The remainder of the first chapter is dedicated to dungeon adventuring procedures and rules. The rules clarify some vague points in the 5E rules that can cause grief, such as multiple characters making the same ability check until someone succeeds. These are so useful and widely applicable that we’ll visit this in more detail in the next entry in this series.
The second chapter provides a gazetteer of Redtower and the surrounding region. Chock full of history, locations, NPCs, and rumors, the town as a whole can be conveniently transplanted into your home campaign. We’ll come back to Redtower in the fourth installment.
Chapters 3 to 10
The next eight chapters detail the citadel ruins and the dungeon levels. The dungeons are full of modular possibilities, whether you’re taking a single trap, an encounter, or an entire level to use in a new way. They’re not terribly linear, so you can cut out these pieces and attach them elsewhere without much fuss. We’ll dig deep into the dungeon levels in parts 5 and 6 of this series.
Appendices
The appendices provide immediately useful bits in a modular sense. Appendix 1 includes monsters and NPCs, magic items, and the spells from Deep Magic that appear in the adventure. If you’re ambitious, some of this material is identified as Open Game Content, so you can use it in your own published adventures if you follow the proper steps.
Some monsters in Appendix 1 appear in Tome of Beasts 2, but a good portion of them do not, and there are some splendid beasts among them. The dire owlbear and the two gelatinous cube variants are fresh spins on classics. Perhaps you have the perfect place for an ooze mephit in your ongoing home campaign, or an eldritch tower calling out for a sorcerer with Gellert the Gruesome’s stat block to make it their home. Monsters are made to drop in wherever you see fit, and while the flavor text can serve to inspire, you can take just the stat blocks and reimagine the appearance and story of any monster to fit your needs.
Reskinning Monsters
Reskinning monsters is a useful practice. When you reskin a monster, discard and reinvent the flavor text, and you can safely change anything that doesn’t affect the challenge rating (CR) calculation. You can freely change its type—turn a fiend into a fey!—or play with its senses by giving it blindsight or devil’s sight.

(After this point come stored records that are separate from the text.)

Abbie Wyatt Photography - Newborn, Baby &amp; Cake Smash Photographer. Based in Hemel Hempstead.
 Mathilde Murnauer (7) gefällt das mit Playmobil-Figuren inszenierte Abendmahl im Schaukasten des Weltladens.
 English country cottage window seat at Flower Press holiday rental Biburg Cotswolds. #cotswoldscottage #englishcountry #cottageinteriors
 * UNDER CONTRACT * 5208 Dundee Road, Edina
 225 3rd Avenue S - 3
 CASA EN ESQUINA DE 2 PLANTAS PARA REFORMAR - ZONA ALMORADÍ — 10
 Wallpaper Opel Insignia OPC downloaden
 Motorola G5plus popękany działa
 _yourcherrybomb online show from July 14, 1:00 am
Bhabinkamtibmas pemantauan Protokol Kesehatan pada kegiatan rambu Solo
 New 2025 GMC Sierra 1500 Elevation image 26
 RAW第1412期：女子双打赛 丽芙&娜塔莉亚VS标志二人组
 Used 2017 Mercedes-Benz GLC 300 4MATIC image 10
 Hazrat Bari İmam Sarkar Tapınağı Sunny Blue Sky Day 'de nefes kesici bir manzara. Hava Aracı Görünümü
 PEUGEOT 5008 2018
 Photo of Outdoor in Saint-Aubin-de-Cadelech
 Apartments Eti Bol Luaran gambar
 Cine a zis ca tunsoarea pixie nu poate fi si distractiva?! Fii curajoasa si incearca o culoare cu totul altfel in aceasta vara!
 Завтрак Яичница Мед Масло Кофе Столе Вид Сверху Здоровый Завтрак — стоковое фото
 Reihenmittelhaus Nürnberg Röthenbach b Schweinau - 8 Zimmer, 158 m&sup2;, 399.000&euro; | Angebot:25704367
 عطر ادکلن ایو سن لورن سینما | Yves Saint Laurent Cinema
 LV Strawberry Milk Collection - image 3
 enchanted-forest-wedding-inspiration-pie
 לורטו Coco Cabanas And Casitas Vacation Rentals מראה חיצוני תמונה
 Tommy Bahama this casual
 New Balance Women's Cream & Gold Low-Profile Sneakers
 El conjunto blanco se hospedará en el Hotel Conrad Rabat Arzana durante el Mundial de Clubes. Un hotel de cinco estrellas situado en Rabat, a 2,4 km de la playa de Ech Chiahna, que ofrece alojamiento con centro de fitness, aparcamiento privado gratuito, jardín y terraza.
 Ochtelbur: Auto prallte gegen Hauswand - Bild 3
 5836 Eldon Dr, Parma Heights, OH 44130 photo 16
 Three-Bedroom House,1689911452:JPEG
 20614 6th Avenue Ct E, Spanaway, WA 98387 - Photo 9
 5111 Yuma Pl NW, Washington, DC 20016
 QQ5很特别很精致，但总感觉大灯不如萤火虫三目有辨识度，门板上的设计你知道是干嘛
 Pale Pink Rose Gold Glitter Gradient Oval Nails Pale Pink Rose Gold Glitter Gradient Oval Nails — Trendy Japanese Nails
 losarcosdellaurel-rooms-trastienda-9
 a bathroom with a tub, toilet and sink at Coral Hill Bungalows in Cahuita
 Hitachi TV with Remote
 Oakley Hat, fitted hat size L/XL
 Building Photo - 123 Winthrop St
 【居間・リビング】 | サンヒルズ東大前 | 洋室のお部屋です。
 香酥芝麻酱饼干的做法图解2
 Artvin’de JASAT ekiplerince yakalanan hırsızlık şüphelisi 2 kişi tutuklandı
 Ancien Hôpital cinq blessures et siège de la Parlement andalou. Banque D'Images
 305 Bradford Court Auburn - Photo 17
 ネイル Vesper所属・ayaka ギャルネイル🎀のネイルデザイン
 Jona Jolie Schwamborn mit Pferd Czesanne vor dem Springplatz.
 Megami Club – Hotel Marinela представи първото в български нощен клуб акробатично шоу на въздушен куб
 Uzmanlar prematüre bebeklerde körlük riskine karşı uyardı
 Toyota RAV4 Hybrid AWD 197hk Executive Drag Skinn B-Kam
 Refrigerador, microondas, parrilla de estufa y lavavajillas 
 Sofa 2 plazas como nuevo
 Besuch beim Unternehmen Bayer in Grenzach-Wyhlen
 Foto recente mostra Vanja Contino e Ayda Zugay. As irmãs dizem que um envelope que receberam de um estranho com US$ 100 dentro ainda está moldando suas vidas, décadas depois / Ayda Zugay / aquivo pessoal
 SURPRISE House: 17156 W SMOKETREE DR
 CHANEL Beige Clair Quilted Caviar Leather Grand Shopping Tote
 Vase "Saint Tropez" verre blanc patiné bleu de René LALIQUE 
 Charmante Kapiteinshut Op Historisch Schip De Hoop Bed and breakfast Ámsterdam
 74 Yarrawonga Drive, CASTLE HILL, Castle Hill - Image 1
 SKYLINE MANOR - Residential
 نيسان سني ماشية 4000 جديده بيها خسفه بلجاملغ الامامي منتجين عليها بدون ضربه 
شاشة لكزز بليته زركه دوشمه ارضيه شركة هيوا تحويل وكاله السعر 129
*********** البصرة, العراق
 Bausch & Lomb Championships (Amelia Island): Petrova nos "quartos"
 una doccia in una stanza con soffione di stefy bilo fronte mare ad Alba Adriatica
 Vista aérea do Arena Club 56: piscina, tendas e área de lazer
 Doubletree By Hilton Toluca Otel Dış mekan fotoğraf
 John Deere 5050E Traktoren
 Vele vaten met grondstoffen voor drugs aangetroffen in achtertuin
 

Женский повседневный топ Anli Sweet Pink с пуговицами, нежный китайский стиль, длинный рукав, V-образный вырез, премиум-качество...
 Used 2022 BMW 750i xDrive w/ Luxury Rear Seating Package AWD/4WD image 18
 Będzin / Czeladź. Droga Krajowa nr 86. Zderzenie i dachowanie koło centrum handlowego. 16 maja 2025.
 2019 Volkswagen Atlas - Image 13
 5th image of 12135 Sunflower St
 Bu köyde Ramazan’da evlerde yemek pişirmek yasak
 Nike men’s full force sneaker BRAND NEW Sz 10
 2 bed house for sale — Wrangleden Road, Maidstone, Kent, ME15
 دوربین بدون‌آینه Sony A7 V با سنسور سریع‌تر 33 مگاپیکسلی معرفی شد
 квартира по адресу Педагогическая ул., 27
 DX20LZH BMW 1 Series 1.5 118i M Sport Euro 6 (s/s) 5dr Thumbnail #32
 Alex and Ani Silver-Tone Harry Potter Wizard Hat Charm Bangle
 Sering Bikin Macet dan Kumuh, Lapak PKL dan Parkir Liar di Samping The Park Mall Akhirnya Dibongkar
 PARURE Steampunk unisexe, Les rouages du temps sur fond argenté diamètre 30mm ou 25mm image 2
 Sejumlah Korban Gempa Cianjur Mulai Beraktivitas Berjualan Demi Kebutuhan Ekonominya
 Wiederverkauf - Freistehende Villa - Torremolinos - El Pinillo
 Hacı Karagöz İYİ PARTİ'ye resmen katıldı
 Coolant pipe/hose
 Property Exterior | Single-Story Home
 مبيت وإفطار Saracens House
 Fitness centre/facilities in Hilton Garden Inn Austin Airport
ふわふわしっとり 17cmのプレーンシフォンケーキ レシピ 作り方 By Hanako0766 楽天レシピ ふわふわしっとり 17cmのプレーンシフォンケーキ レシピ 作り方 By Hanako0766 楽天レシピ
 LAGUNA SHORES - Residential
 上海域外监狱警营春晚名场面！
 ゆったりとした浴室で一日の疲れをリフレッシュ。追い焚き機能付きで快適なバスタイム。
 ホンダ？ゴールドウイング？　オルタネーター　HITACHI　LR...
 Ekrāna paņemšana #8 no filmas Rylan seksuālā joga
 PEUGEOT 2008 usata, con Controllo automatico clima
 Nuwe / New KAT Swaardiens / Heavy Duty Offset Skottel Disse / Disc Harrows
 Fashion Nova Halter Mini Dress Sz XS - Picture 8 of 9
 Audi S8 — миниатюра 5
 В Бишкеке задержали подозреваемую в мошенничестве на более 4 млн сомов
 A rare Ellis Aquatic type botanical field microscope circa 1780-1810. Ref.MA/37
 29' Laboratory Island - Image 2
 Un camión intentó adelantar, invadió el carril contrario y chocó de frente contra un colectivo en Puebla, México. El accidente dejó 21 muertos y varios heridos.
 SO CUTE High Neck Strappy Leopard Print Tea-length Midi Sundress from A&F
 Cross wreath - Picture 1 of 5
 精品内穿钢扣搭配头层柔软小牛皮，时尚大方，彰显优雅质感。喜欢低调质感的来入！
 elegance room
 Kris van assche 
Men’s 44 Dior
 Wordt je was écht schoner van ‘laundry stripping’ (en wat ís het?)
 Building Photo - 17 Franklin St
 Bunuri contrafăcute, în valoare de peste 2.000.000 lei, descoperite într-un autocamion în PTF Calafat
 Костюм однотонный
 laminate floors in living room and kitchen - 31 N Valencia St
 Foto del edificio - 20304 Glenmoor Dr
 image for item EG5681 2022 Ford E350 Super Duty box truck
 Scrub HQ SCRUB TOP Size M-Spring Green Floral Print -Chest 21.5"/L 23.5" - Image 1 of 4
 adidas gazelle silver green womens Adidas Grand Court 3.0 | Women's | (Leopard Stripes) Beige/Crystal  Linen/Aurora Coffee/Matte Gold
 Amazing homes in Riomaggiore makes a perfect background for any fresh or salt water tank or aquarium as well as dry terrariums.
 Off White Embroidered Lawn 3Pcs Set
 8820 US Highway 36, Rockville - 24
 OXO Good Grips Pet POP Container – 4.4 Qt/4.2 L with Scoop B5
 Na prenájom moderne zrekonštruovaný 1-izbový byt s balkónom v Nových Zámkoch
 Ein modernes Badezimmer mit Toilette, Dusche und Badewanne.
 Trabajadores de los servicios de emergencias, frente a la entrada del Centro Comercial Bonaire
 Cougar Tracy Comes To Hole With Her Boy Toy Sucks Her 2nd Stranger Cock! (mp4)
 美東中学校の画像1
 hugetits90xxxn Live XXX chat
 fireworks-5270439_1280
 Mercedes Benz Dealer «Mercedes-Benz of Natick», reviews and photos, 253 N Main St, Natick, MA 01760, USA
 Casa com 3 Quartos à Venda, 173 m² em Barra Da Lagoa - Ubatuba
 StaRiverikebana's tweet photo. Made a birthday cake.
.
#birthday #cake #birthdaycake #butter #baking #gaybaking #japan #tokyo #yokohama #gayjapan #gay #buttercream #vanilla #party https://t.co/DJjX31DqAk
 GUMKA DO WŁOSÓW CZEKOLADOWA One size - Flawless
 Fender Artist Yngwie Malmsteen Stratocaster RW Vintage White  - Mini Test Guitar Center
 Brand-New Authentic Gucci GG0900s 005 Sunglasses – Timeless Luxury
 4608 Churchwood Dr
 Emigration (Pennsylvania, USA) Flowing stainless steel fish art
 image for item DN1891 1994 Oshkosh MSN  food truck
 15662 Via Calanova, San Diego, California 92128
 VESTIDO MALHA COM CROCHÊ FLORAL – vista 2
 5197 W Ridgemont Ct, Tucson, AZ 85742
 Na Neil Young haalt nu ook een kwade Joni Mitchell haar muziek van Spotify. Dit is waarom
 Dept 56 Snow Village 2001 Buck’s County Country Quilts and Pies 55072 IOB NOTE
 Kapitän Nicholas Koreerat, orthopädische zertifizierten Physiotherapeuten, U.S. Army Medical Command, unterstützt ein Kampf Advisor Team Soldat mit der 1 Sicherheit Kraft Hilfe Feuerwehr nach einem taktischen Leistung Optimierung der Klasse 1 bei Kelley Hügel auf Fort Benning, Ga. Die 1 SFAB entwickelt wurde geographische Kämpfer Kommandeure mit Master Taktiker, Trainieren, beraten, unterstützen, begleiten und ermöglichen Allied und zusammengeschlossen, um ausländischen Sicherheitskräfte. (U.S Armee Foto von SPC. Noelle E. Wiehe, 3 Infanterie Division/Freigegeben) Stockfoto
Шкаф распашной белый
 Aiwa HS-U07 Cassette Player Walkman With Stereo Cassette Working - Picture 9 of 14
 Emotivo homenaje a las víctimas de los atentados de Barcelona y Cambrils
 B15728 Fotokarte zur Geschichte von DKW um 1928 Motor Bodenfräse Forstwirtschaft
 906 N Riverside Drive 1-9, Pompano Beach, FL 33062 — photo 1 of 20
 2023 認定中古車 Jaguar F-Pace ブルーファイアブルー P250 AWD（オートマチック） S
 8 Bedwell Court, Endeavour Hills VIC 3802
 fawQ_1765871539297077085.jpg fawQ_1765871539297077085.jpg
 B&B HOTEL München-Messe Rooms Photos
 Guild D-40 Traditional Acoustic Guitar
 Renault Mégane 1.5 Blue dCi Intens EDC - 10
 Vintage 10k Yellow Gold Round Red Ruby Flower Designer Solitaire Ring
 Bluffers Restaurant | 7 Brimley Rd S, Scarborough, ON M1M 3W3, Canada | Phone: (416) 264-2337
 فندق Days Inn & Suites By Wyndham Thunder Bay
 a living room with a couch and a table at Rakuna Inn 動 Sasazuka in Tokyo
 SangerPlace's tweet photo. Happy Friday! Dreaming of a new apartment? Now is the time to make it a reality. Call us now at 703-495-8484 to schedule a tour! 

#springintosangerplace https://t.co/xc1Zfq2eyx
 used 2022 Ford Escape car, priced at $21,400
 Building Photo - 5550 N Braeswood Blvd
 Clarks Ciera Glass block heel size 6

Knowing how to change CR can also be useful, and one monster in the Scarlet Citadel appendix deserves a closer look. Two options are given to determine Scar the ogre’s stats. He can either be a tusked crimson ogre from Creature Codex with reduced hit points and some limits to his damage dealing capacity to reduce his CR from 5 to 3, or he could be a standard ogre with a higher armor class, Blood Frenzy, and Multiattack to bump up CR from 2 to 3. Both cases might inspire you to tweak the monsters you already have to fit your party’s strength.
Magic Items
Magic items are like monsters in their high modularity, and Appendix 1 provides almost two dozen options. While some of these also appear in Vault of Magic, many do not, including some of the most useful ones for our intentions. The potion of gelatinous form is a fun wild card to hand to your players, and you could build whole adventures around the alchemist’s furnace or time construct.
Deep Magic is a fantastic collection of hundreds of spells, but if you don’t have that book, the twenty-one spells reproduced here can provide surprises. Experiencing a spell like wall of time can bring back some of the mystery and wonder magic should have in a fantasy setting.
Appendix 2 has a set of rather particular magic items, owlbear bezoars. A magical bezoar is a mass of indigestible material that collects in the gut of a magical creature, and it can be swallowed to gain certain temporary powers. Owlbears, being eaters of all sorts of nasty things, can pass some of that unpleasantness on in the form of cursed bezoars. Despite that risk, what proper adventurer wouldn’t want to swallow a magic lump that formed in an owlbear’s innards?
Maps
The final element for repurposing is the accessory Map Folio. This fantastic add-on reproduces the maps at full miniature battle map scale which can be safely drawn on with dry erase markers, and even includes overlay tiles to display terrain changes and hazards. The maps for Level 5, the Black River, include a boat overlay and extension maps that can be arranged with the main maps of the level in 20 different combinations, ideal for any trip down an underground waterway.